The same dominance logic carries into chairs, producing three of the most recognisable seated signals.

9. Leg-Over-the-Arm-of-Chair

Hooking one leg over the arm of the chair is mainly male because it also opens into a Legs-Spread. It signals ownership of the chair plus an informal, often aggressive attitude. Among friends it reads as easy joking, but in a one-up context it signals indifference: a boss who listens to an employee's personal problem and then leans back and throws a leg over the chair arm has switched to "this is wasting my time." As long as the leg stays there, the indifferent attitude persists — so the move is to make the person reposition, by asking them to lean across and look at something.

10. Straddling a chair

Centuries ago men used shields under attack; the modern equivalent is putting an object between yourself and a perceived threat — a desk, a doorway, or the back of a chair you straddle. The chair-back is a shield that can transform the sitter into an aggressive, dominant personality, with legs spread in a wide Crotch Display for added male assertion. Straddlers are typically dominant types who take control when bored, slipping into the position almost unnoticed. The counter is nonverbal: stand up or sit behind them so their back is exposed and they must move; with a swivel-chair Straddler, stand, look down, and move into their personal space until they shift. Seat a known Straddler in a fixed armchair so they cannot straddle — at which point they usually switch to the Catapult.

11. The Catapult

The Catapult is a seated Hands-on-Hips with the hands clasped behind the head and the elbows pointed menacingly outward. Almost entirely male, it intimidates — or feigns relaxation to lull you before an ambush. It is the trademark of accountants, lawyers, and sales managers feeling superior, dominant, or all-knowing ("I have all the answers," "everything's under control"). Newly promoted male managers suddenly start using it. It is usually clustered with a Figure-Four leg position or Crotch Display, marking someone likely to argue or dominate, and it can stake a territorial claim. Counters: lean forward, palms up, and invite comment; place something just out of reach so they must lean forward; if you are a man, mirror it to create equality (this does not work for women, who are read as "aggressive" doing it); or stand whenever they catapult and sit when they stop, training them not to intimidate. In one insurer, 27 of 30 male sales managers catapulted around subordinates but switched to submissive clusters in front of their own superiors.
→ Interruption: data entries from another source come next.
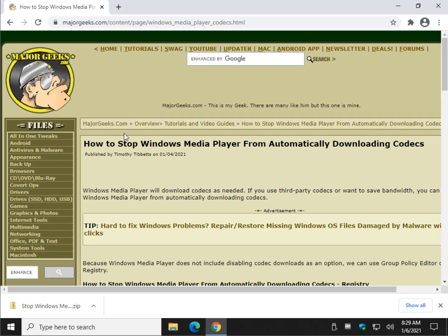And there you have it — how to stop Windows Media Player from automatically downloading codecs. Bottom right corner, subscribe. You know the drill. Thanks for watching. As always, we really do appreciate it. See ya.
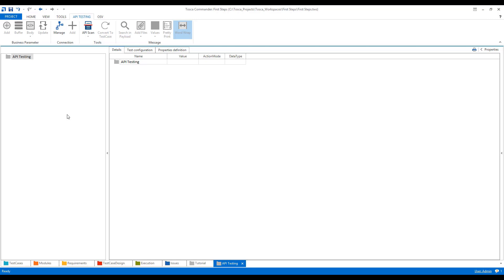So that means the credentials we are sending are not in text format - they are encrypted and no one else will be able to see those credentials. Now we'll see how this digest authentication works in case of API testing in Tosca. We'll go to API testing ribbon.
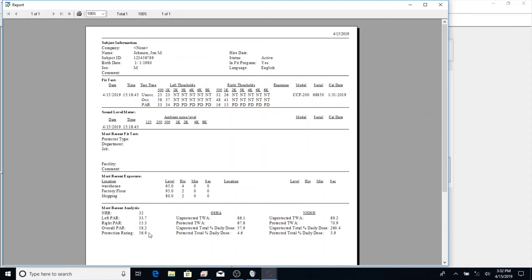And then if we go all the way to the bottom, we can see the overall PAR. So that's basically the average of the left and the right PAR. And the protection rating, this is a percentage. 56% of the protection that these are rated for, he's getting.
Two readiness signals to recognise

Beyond the thirteen, two seated cues tell a negotiator the conversation is about to turn — worth knowing because they cue when to ask for the decision.
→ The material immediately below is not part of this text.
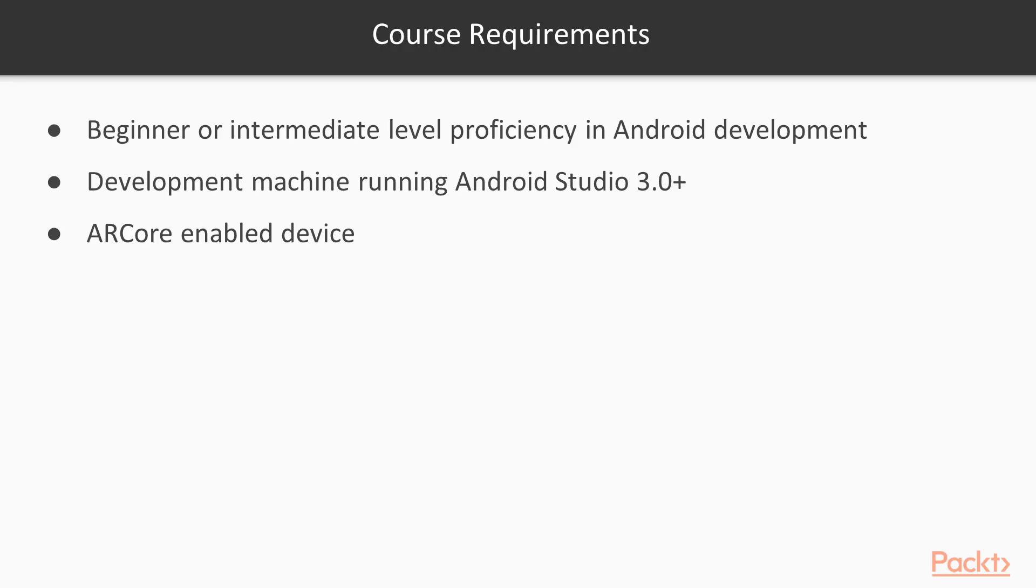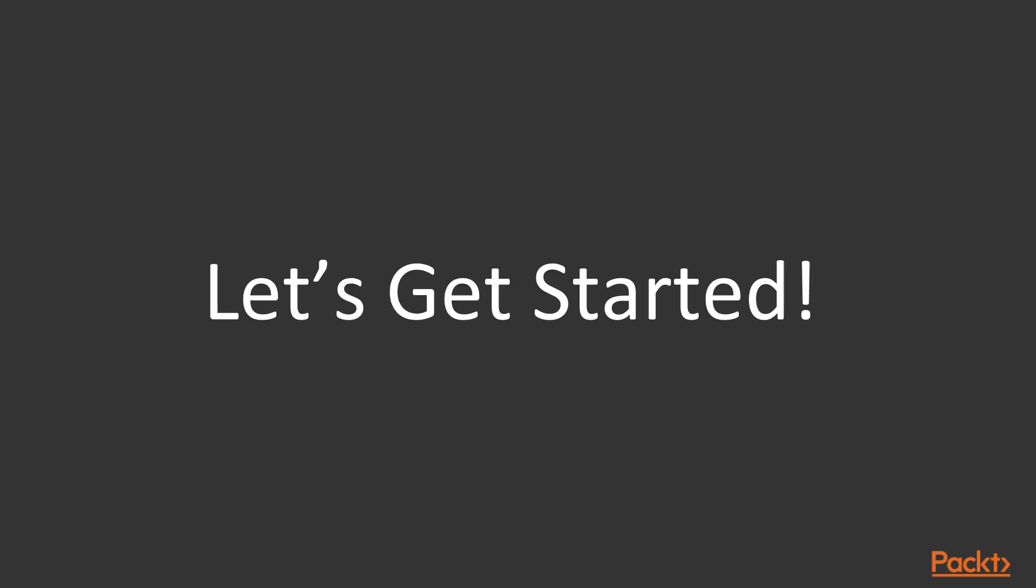So to be a part of this course, these are the requirements. You need to have at least a beginner or intermediate level proficiency in Android development. You also need a development machine running Android Studio 3.0 or any newer version. You also need an ARCore enabled device to be able to test your ARCore applications. So that's it. Let's get started.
  • Seated Readiness — when this gesture follows a Chin-Stroke (the decision-making move) at the end of a proposal, the buyer says yes more than half the time; if Arms-Crossed follows the Chin-Stroke instead, the sale is usually lost. (Read the preceding cluster, since the same readiness can mean an angry person ready to throw you out.)
  • The Starter's Position — leaning forward with both hands on the knees, or gripping the chair as if at the start of a race, signals a desire to end the meeting. When you see it, take the lead: resell, change direction, or close.